**What to do**
This task calls for the lines below starting at the one containing "Klaviyo Integration" and ending at the one containing "Deep Tissue Vs", repeated exactly with both ends kept and pictures left out.

Image-text web data:

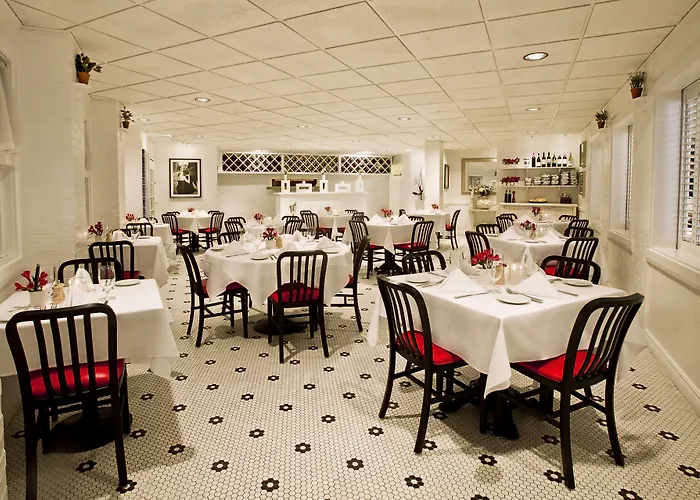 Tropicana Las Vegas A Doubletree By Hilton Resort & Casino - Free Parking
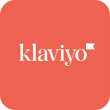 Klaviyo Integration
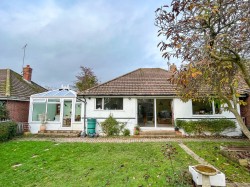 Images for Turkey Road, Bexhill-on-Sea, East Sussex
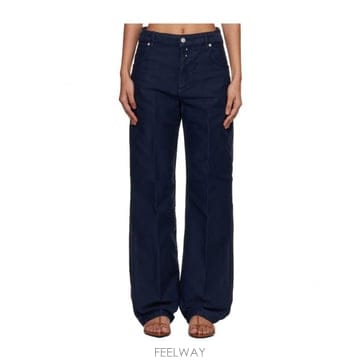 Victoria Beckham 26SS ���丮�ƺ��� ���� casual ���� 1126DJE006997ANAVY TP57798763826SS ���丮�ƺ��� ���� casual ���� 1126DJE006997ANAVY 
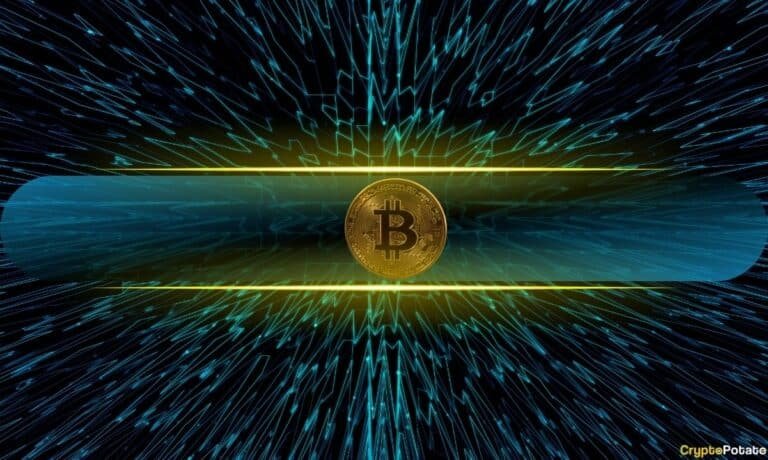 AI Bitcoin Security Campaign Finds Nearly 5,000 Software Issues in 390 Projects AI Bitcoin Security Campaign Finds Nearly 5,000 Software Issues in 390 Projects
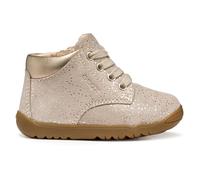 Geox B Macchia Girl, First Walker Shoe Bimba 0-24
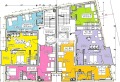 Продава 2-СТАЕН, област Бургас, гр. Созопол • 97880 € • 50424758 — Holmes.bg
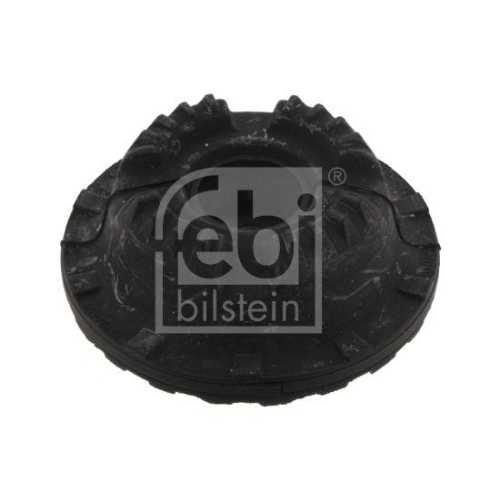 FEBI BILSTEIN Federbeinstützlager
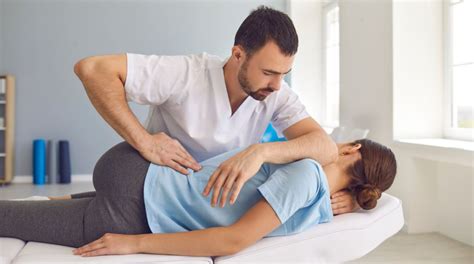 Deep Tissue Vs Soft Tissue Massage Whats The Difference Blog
...
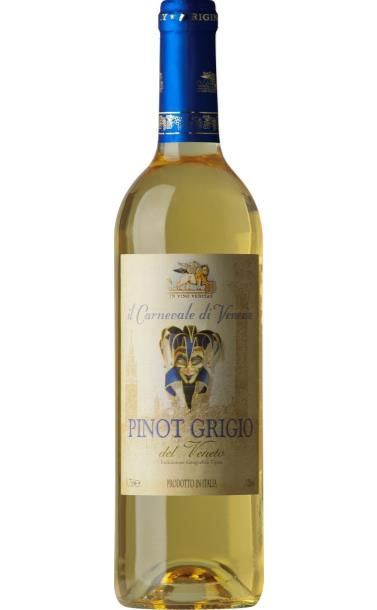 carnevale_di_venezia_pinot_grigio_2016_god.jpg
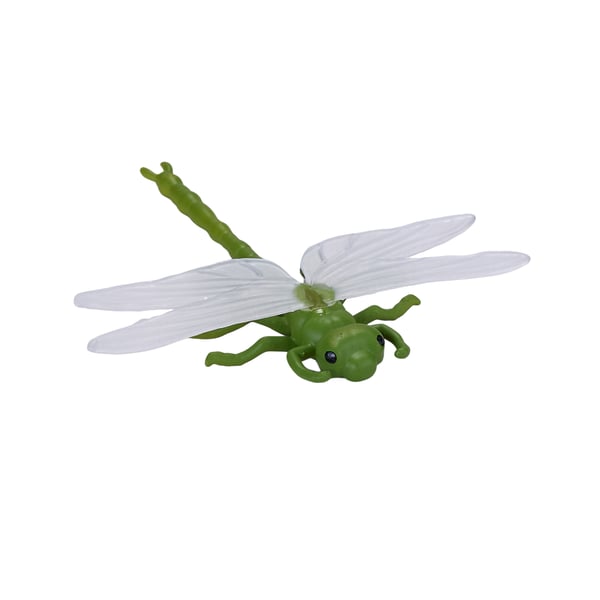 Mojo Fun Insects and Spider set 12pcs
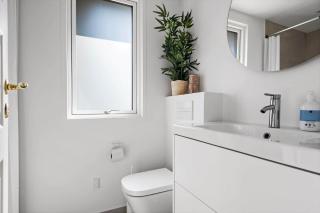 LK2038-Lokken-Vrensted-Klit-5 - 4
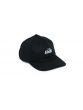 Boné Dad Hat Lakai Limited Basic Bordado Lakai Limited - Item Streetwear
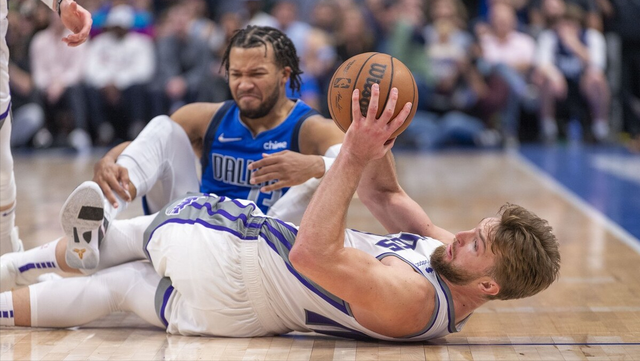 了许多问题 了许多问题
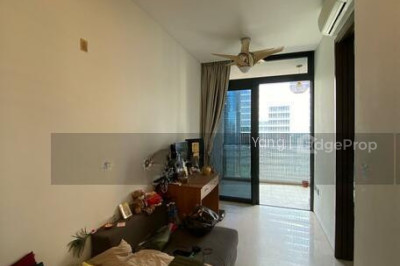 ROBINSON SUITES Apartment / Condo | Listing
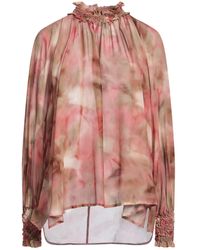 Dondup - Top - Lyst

**Exercise result**
 Klaviyo Integration
 Images for Turkey Road, Bexhill-on-Sea, East Sussex
 Victoria Beckham 26SS ���丮�ƺ��� ���� casual ���� 1126DJE006997ANAVY TP57798763826SS ���丮�ƺ��� ���� casual ���� 1126DJE006997ANAVY 
 AI Bitcoin Security Campaign Finds Nearly 5,000 Software Issues in 390 Projects AI Bitcoin Security Campaign Finds Nearly 5,000 Software Issues in 390 Projects
 Geox B Macchia Girl, First Walker Shoe Bimba 0-24
 Продава 2-СТАЕН, област Бургас, гр. Созопол • 97880 € • 50424758 — Holmes.bg
 FEBI BILSTEIN Federbeinstützlager
 Deep Tissue Vs Soft Tissue Massage Whats The Difference Blog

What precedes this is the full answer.